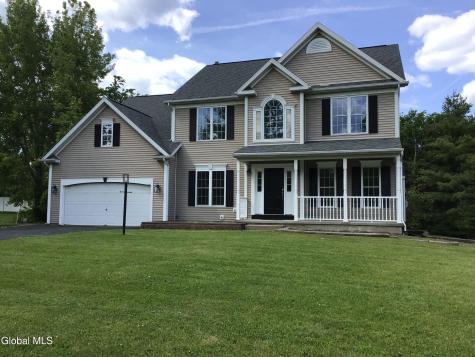 10 Reynolds Court Delmar NY 12054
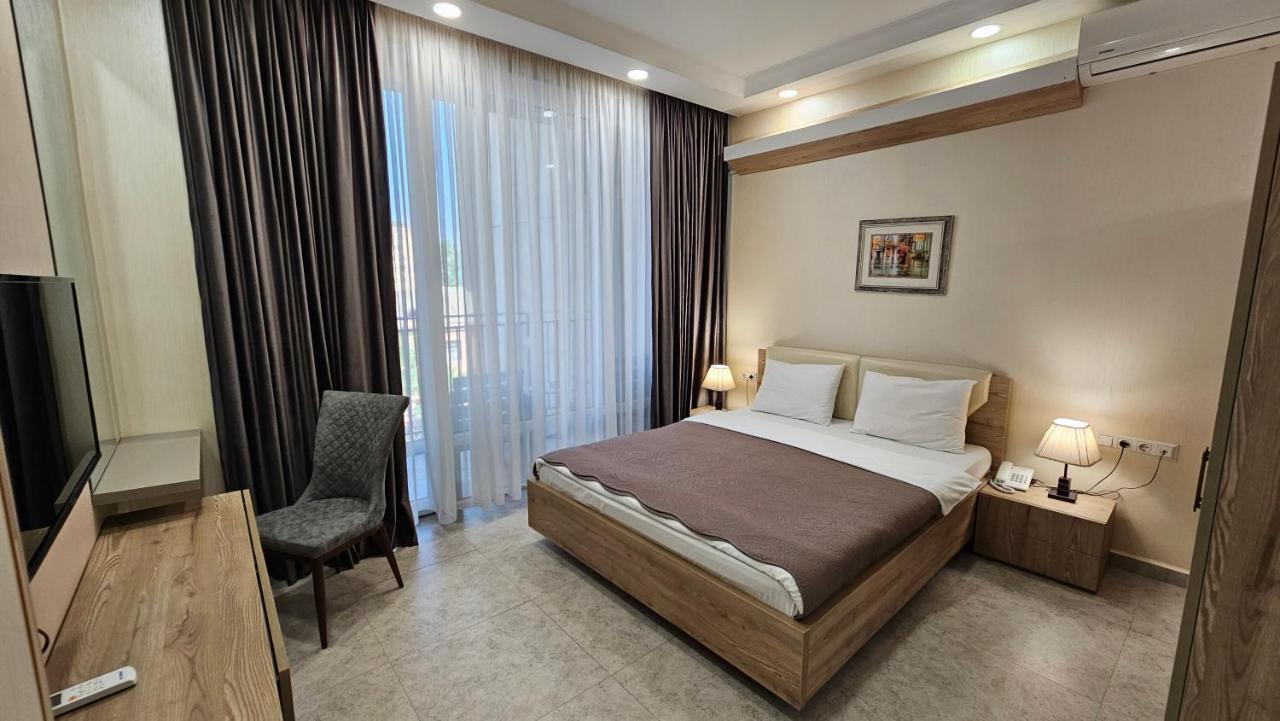 Md Hotel 4*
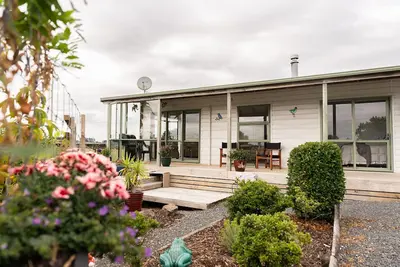 Image de Fantail Cottage - 35mins to Raglan &15 mins to shopping centre. \nFarm outlook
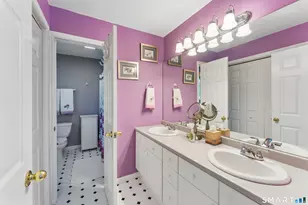 10 Ferris Rd, Newtown, CT 06470 - Photo 26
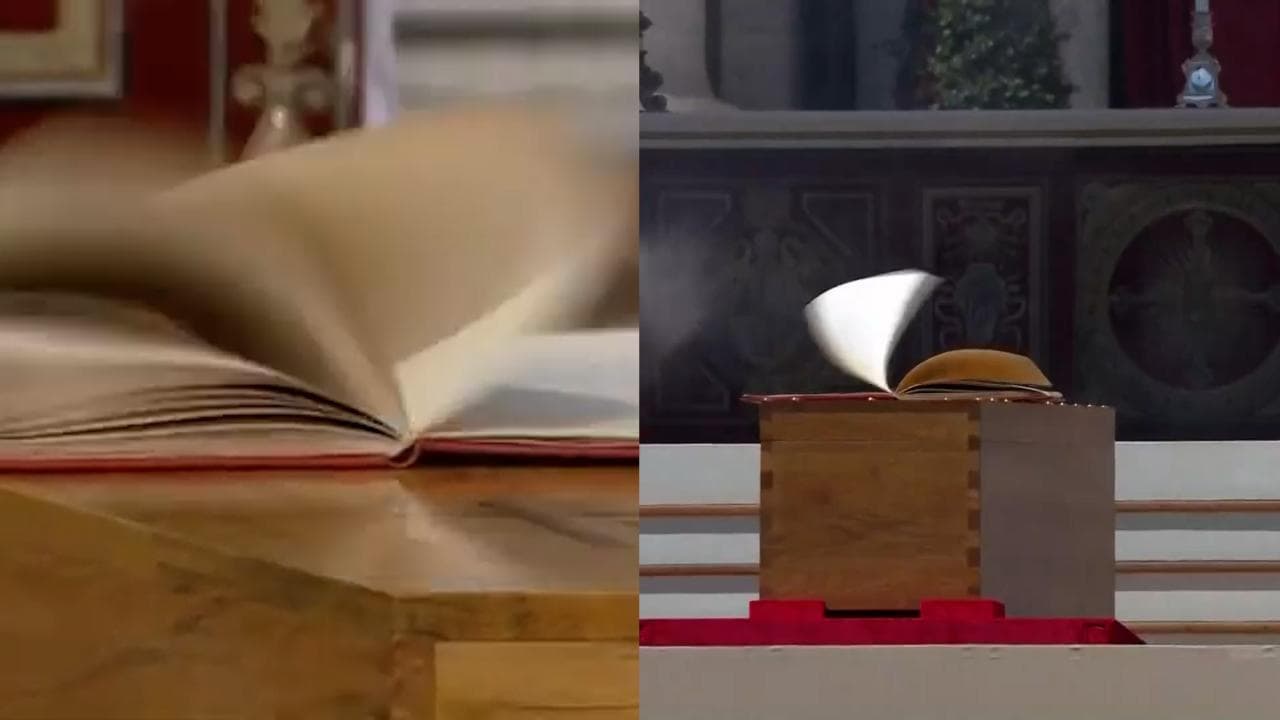 Papa Francesco, il vento gira le pagine del Vangelo come al funerale di Wojtyla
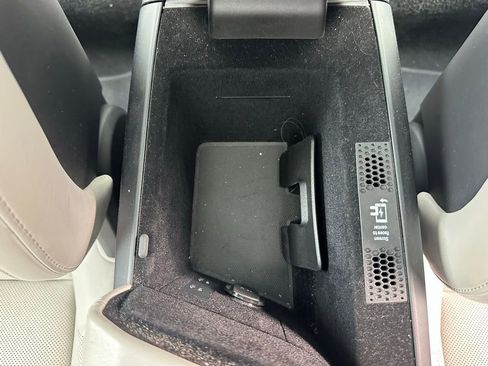 Certified 2024 Porsche Taycan image 27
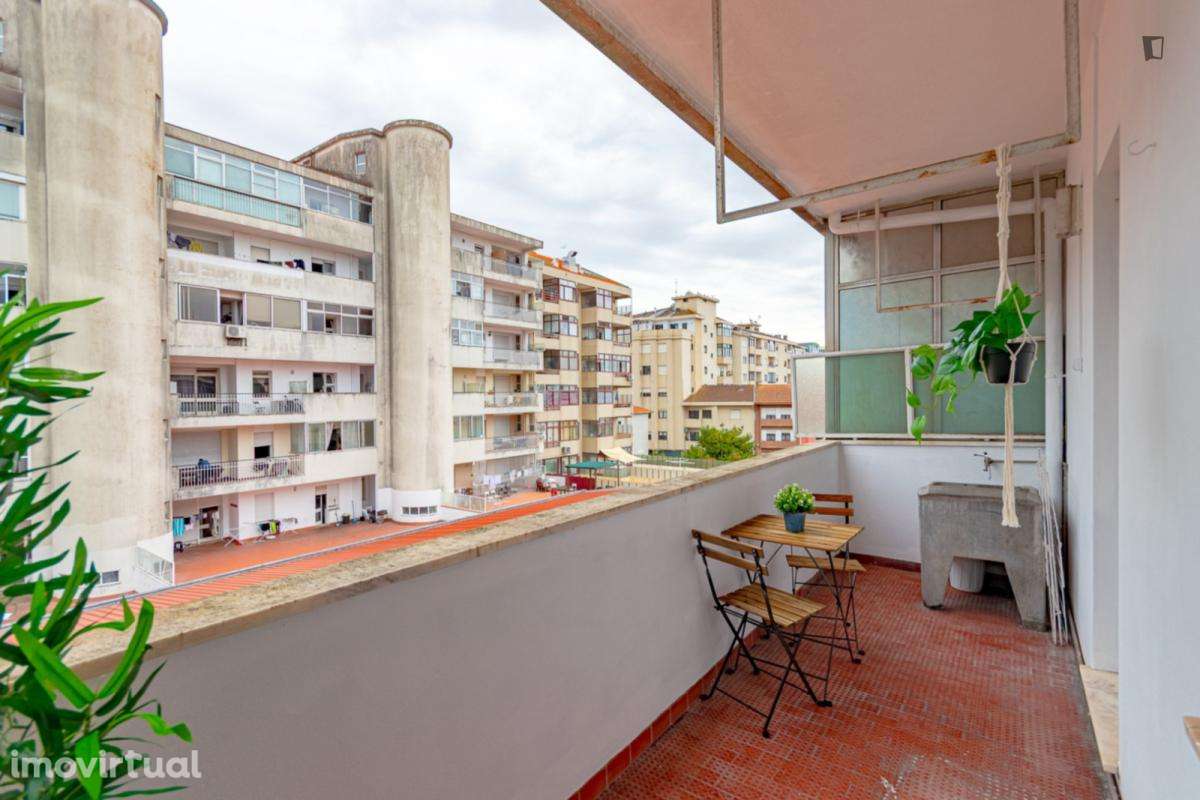 Quarto - localizado em Ramalde Porto - Grande imagem: 5/24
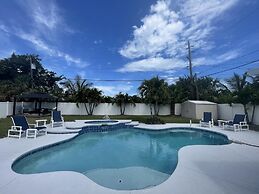 Kiss the Wave - Spacious 4BR 3BA w Pool hot tub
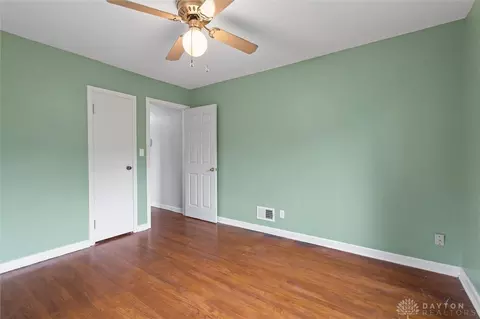 Bedroom - 3020 Aerial Ave, Kettering, OH 45429 photo 6 of 10
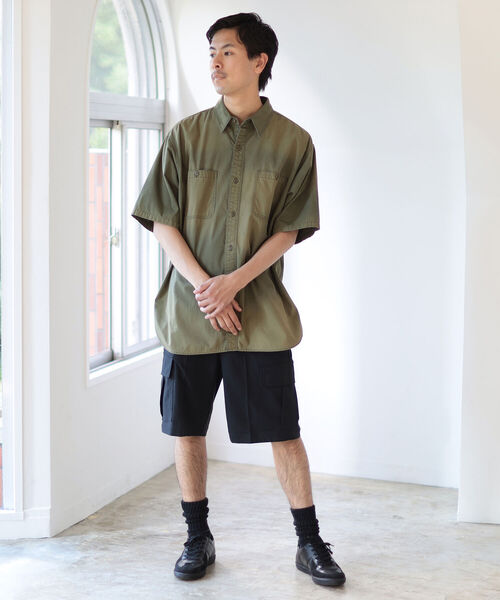 Dickies（ディッキーズ）の「Dickies(R) × BEAMS / 別注 Loose Polyester Cargo Shorts（その他パンツ・メンズ・ブラック/ベージュ・S/L/XL/M）」の3枚目の写真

******************************

* [Exercise goal]: Starting with the line containing "Kiss the Wave" and ending with the last line of the records above, write out each line exactly; no pictures.

* [Task result]:
 Kiss the Wave - Spacious 4BR 3BA w Pool hot tub
 Bedroom - 3020 Aerial Ave, Kettering, OH 45429 photo 6 of 10
 Dickies（ディッキーズ）の「Dickies(R) × BEAMS / 別注 Loose Polyester Cargo Shorts（その他パンツ・メンズ・ブラック/ベージュ・S/L/XL/M）」の3枚目の写真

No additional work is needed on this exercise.